L'ensemble, sans exception aucune, donne l'impression d'une exposition de jeunes étudiants des Beaux-Arts de seconde année travaillant sans aucune urgence sous l'égide de professeurs dépassés par les mutations du monde qui les entoure. Ces jeunes gens dorés semblent pourtant tous feindre de le réfléchir au travers d'idées spirituelles et de bons mots dignes de l'Almanach Vermot. L'art plastique disparaît au profit d'une sélection de manifestations monomaniaques censées les conduire au firmaaament de l'aaart alors qu'ils n'expriment que l'impuissance de ce monde à se renouveler et proposer de nouvelles utopies.

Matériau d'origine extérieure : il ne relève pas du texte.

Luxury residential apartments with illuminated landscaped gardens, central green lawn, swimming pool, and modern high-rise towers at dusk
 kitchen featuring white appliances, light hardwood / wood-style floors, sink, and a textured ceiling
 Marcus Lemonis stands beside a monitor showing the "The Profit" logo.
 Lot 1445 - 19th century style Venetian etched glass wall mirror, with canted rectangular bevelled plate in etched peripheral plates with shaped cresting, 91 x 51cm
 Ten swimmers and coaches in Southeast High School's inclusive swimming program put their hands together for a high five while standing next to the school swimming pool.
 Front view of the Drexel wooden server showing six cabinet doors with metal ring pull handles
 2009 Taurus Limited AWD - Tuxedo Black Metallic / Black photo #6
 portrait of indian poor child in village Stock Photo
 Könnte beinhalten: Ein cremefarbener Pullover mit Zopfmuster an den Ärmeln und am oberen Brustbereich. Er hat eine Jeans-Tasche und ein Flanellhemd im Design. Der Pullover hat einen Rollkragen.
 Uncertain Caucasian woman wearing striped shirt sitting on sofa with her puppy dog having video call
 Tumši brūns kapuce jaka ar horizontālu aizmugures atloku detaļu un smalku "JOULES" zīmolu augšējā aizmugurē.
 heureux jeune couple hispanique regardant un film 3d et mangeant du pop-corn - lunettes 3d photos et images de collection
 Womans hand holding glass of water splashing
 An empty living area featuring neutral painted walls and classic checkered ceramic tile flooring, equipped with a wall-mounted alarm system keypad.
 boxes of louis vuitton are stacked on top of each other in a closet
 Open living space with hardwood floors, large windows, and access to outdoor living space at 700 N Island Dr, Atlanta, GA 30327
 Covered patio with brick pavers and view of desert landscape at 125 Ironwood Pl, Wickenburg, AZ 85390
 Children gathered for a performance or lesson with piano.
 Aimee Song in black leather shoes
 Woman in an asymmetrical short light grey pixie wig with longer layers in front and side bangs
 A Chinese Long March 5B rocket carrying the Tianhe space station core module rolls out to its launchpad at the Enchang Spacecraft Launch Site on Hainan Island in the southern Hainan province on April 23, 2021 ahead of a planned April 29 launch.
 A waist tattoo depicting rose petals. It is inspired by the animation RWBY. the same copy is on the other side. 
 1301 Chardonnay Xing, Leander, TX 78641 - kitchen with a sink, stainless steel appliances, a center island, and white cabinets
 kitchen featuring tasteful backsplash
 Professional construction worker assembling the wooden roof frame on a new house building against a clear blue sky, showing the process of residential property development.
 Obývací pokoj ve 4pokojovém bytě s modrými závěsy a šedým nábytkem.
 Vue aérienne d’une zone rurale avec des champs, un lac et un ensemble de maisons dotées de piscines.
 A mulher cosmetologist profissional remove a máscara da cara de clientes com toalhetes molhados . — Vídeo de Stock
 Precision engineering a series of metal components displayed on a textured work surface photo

Le programme remis par une armée de gentils médiateurs formés à la même école, après un avant-propos roucoulant d'une ministre de la culture peu encline au monde contemporain, commence ainsi son mode d'emploi : La Force de l'Art 02 réunit dans l'actualité de la création les œuvres d'artistes de générations et de styles à peine comparables - comme le furent, en leur temps, Monet, Mondrian, Duchamp, dissemblables par l'âge ou les préoccupations, mais qui, dans une même période, créèrent en France des œuvres inoubliables..." Les bras m'en tombent. J'ai du mal à taper la suite tant ma stupeur devant tant de vacuité est à la taille de la majestueuse coupole du Grand Palais. Je n'arrive même pas à être en colère. Tout cela est désarmant, c'est le mot, désarmant. L'exposition, tragique, réfléchit bien l'État de l'art dans notre pays. Comment faut-il interpréter tant de signes s'accumulant dans le même sens ? Est-ce l'enseignement de l'art dans les écoles qui pousse à cette superficialité se camouflant derrière quelques concepts faciles et spirituels ? Certains sont même amusants, voire astucieux. Est-ce le reflet d'une société anesthésiée et corrompue ? Promouvoir ces artistes-là serait-il une manière de faire taire la colère qui gronde ailleurs ? À comparer avec les œuvres de Kréyol Factory présentée à la Grande Halle de La Villette par exemple, on saisira l'écueil qui sépare l'urgence du tout petit supplément d'âme visé ici et pour autant manqué. Dans le meilleur des cas, résident quelques idées amusantes pour égayer les vitrines des magasins, impression renforcée par une scénographie "blanche" qui a le mérite de ne pas écraser les zœuvres.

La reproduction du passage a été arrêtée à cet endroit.